Since their beginnings in the late eighties as a street festival in Quebec, Circque du Soleil has performed for more than thirty million people. Currently, their 575 performers are staging seven shows on four continents. Their animal-less performances are a tantalizing mixture of dance, acrobatics, and music. Best bets at their site (besides details on when and where they perform) are the video previews of their seven shows which you'll find under In the Ring.

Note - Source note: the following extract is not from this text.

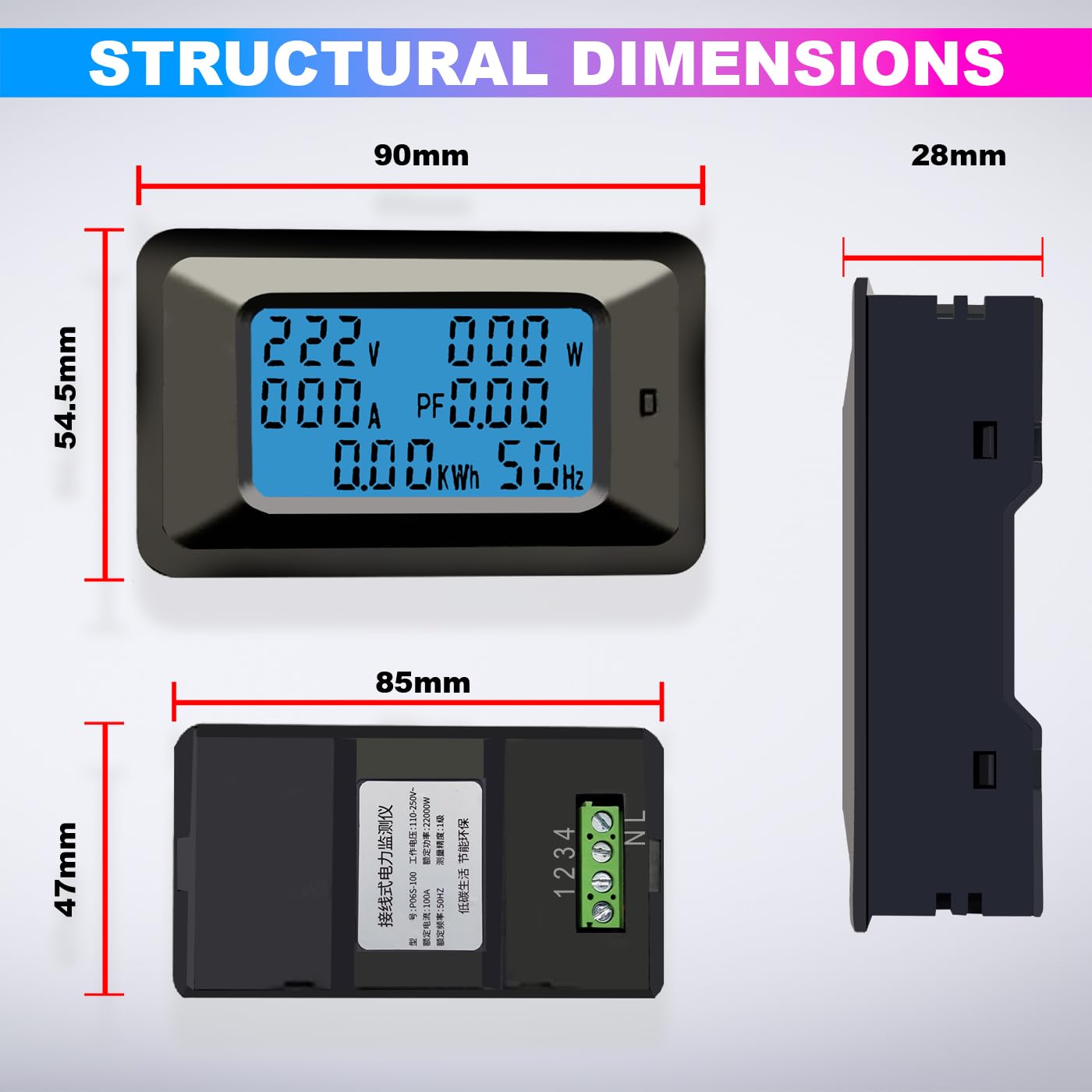 AC 20KW 100A 6-in-1 Digital Energy Power Meter with Blue Backlight LCD & Data Memory Function amiciKart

Brothers and Barnum & Bailey
" Ladies and gentlemen, children of all ages, the online edition of The Greatest Show on Earth!" Following the left-hand menu, you can start your tour with Fun and Games, where you'll find Shockwave arcade games such as Create a Clown and Morph a Clown, circus-themed e-postcards, and a Ringmaster's Quiz. Other sections worth clicking are The Magnificent Menagerie (all about the circus animals and their care,) History & Tradition (a history of the RBBB circus), and an excellent section for teachers, homeschoolers and troop leaders titled Circus Works.
Although they certainly never went out of fashion, dinosaurs are enjoying a resurgence in popularity because of the recent release of Disney's animated Dinosaur movie. If all the related dinosaur hoopla is spurring a dino interest in your household, here are some educational sites to explore together.
Dig These Dinosaurs
These twelve fun dino activities from Bonus.com are categorized into three age groups. The easiest activities are coded with a beach ball for ages three to six. Those for seven to elevens are marked with stars. And the most advanced (for ages twelve to fifteen) are labeled with an owl icon. My three favorite clicks are the Dinosaur Imposters ("It is your job to interrogate them and weed out the ‘imposter-saurs.'"), Dino Science ("Test your knowledge of dinosaur anatomy by matching the skeletons with their skulls.") and Dino Puzzle ("Put together a dinosaur skeleton and make it come alive!")
at the Field Museum
Who is Sue? "Sue is the largest, most complete, and best preserved Tyrannosaurus rex. She was discovered by fossil hunter Sue Hendrickson in 1990, in the badlands of South Dakota." Following a long custody battle, Sue was sold at Sotheby's auction house October 4, 1997. The Field Museum purchased Sue for nearly $8.4 million – the most money ever paid for a fossil. On May 17 of this year, the museum revealed Sue. She stands thirteen feet high at her hips and is forty-two feet long from head to tail.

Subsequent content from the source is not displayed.